Compared to the above explanations, a more reasonable inference is that the large transactions from Cumberland seem to represent a reconciliation of numerous customer operations on the blockchain over a period, which is both "rebalancing" and "customer withdrawals." However, this assertion was not explicitly made in Binance's response.

In Forbes' article, Zhao wrote, "My Chinese identity has been brought up again, as if it matters." Zhao has previously been targeted for discrimination due to his Chinese heritage, especially when attempts were made to link him to the Chinese government. Forbes aptly referred to him as a "Canadian Chinese" and only mentioned "China" or "Chinese" once in the introduction. This suggests that Zhao may be trying to use complaints against Forbes to divert attention from the actual findings of the investigation.
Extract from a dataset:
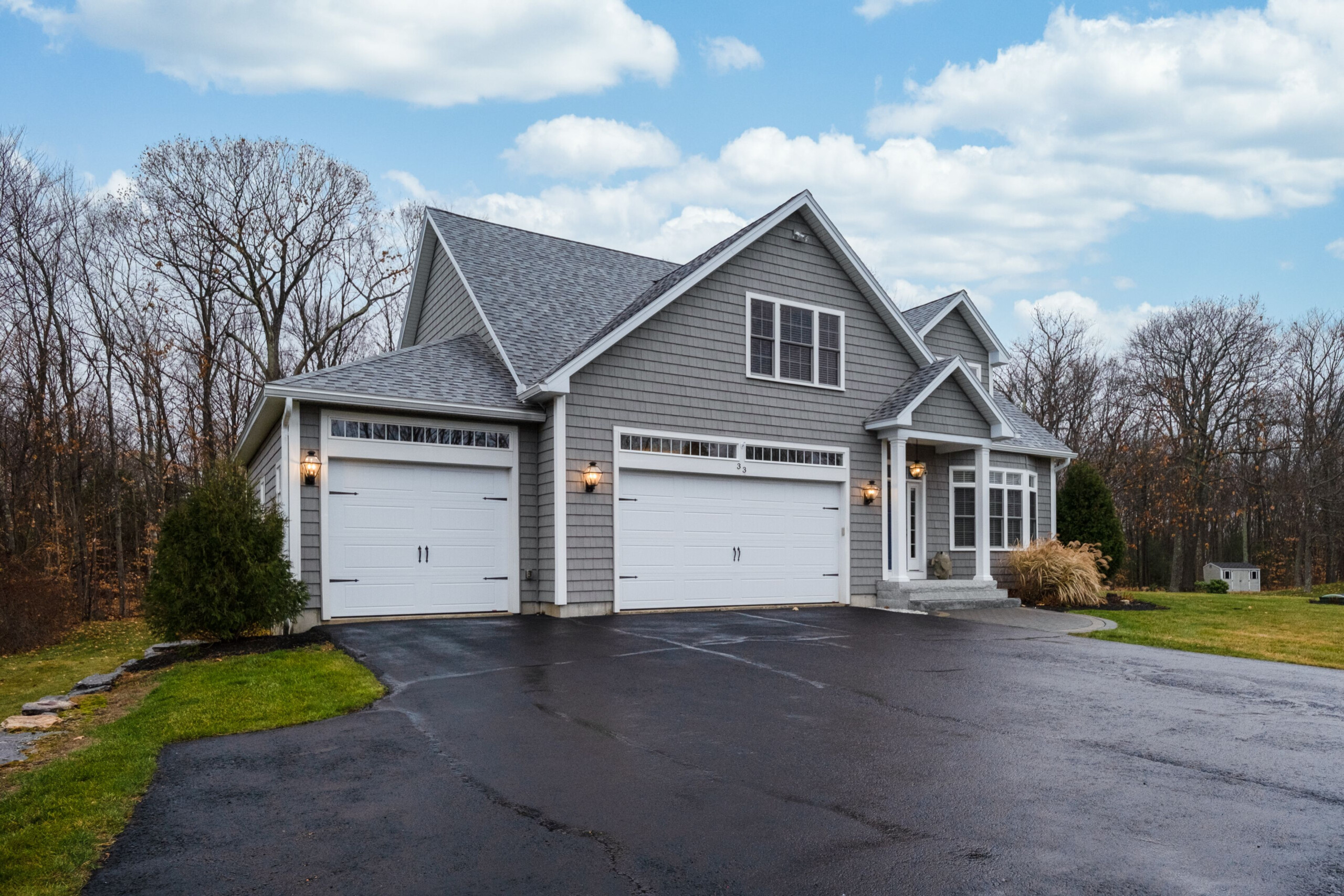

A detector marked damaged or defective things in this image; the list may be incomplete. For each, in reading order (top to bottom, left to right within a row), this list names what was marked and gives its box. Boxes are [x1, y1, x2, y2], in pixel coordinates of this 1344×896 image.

crack in asphalt [371, 704, 653, 892]
crack in asphalt [529, 698, 930, 849]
Whimsical and Blame-Shifting

After three different descriptions, Binance finally published a blog post titled "How Assets Move Between Binance Wallets and Why" on March 1, providing a single explanation for the Forbes findings: these asset movements were merely institutional clients withdrawing their assets from the Binance platform. Although this statement still does not clearly explain the specific reasons for the fund movements, it does not refute the core findings of Forbes and others. The article did not provide many details, thus requiring further scrutiny.

The blog post reiterated Hillmann's initial point that the blockchain accounts managed by Binance do not necessarily correspond to actual customer balances. For example, the assets used to support b-USDC may only be held elsewhere in Binance's blockchain custody system, rather than in the anchor wallet. The article mentioned "a vast network of hot wallets, cold wallets, and deposit wallets," and that "the movement of funds between wallets may serve multiple purposes," implying that the movement of funds between Binance's various accounts does not mean that their owners have withdrawn those assets.

The article also analyzed Binance's responses to the Forbes investigation, pointing out the unclear explanations regarding Binance's account management and asset verification, as well as its inconsistent attitude towards the media and regulators. Due to Binance's lack of clarity in its responses, there has already been a substantial outflow of Binance's assets and customers, necessitating more transparent and explicit explanations to restore market confidence.